# [Task data]
################

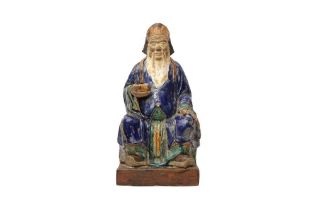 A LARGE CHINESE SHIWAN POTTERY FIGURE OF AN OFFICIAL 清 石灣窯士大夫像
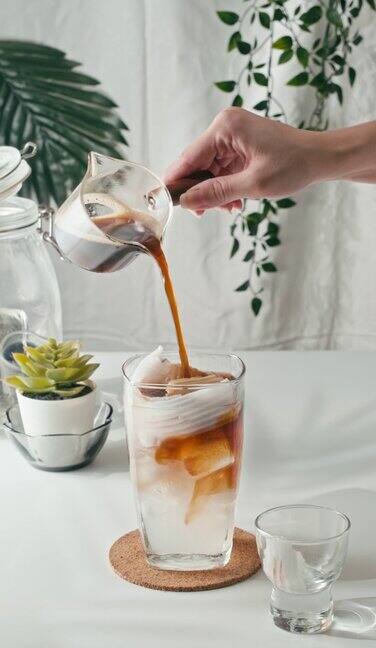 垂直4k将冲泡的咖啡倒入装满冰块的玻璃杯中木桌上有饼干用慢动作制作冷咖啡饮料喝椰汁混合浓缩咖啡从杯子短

################

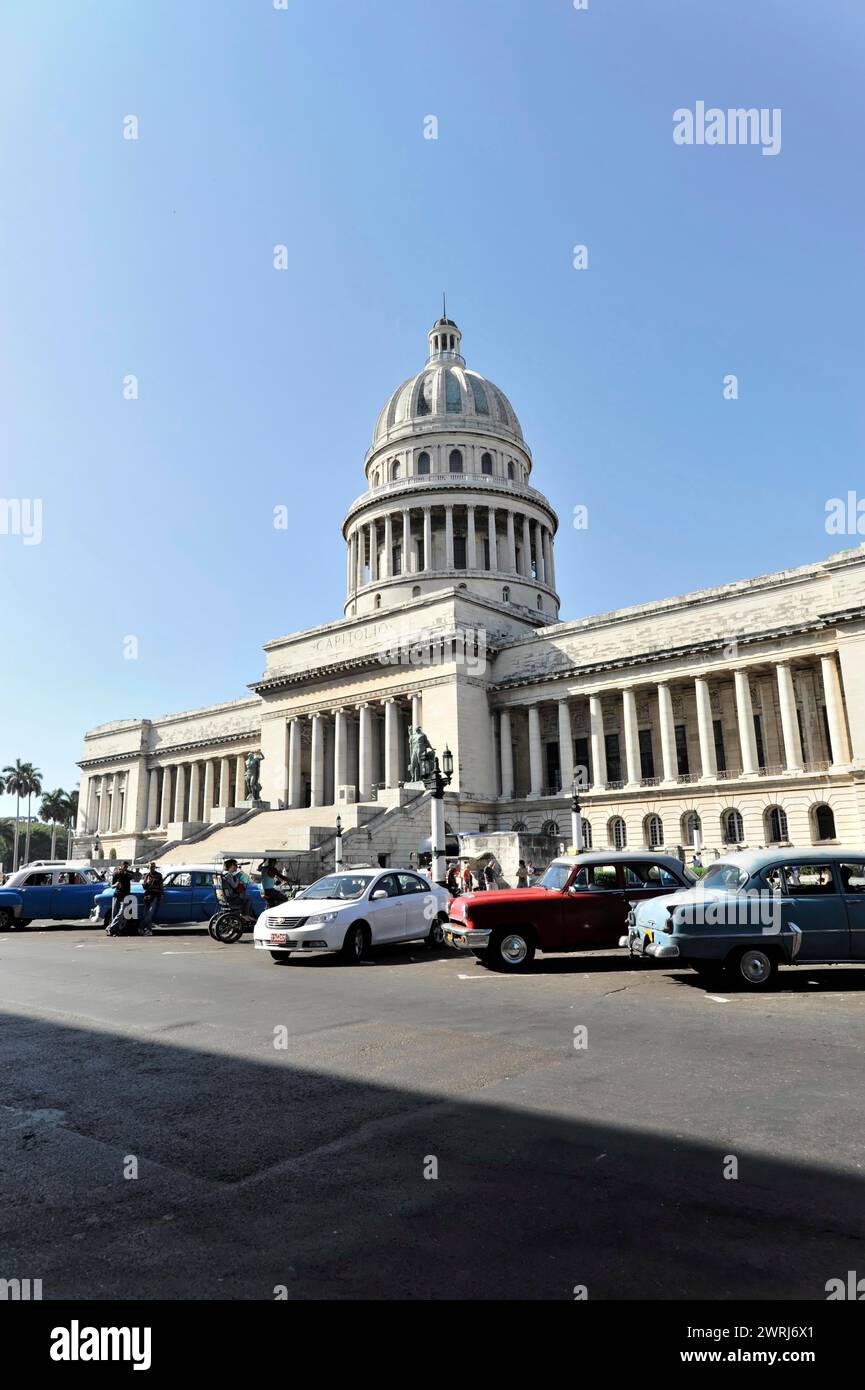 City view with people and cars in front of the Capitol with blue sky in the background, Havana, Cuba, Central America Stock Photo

################

# [Work request]
Could you output exactly the lines above, from the line with "A LARGE CHINESE" up to and including the line with "垂直4k将冲泡的咖啡倒入装满", and nothing else, skipping the pictures?

# [Solution for this exercise]
 A LARGE CHINESE SHIWAN POTTERY FIGURE OF AN OFFICIAL 清 石灣窯士大夫像
 垂直4k将冲泡的咖啡倒入装满冰块的玻璃杯中木桌上有饼干用慢动作制作冷咖啡饮料喝椰汁混合浓缩咖啡从杯子短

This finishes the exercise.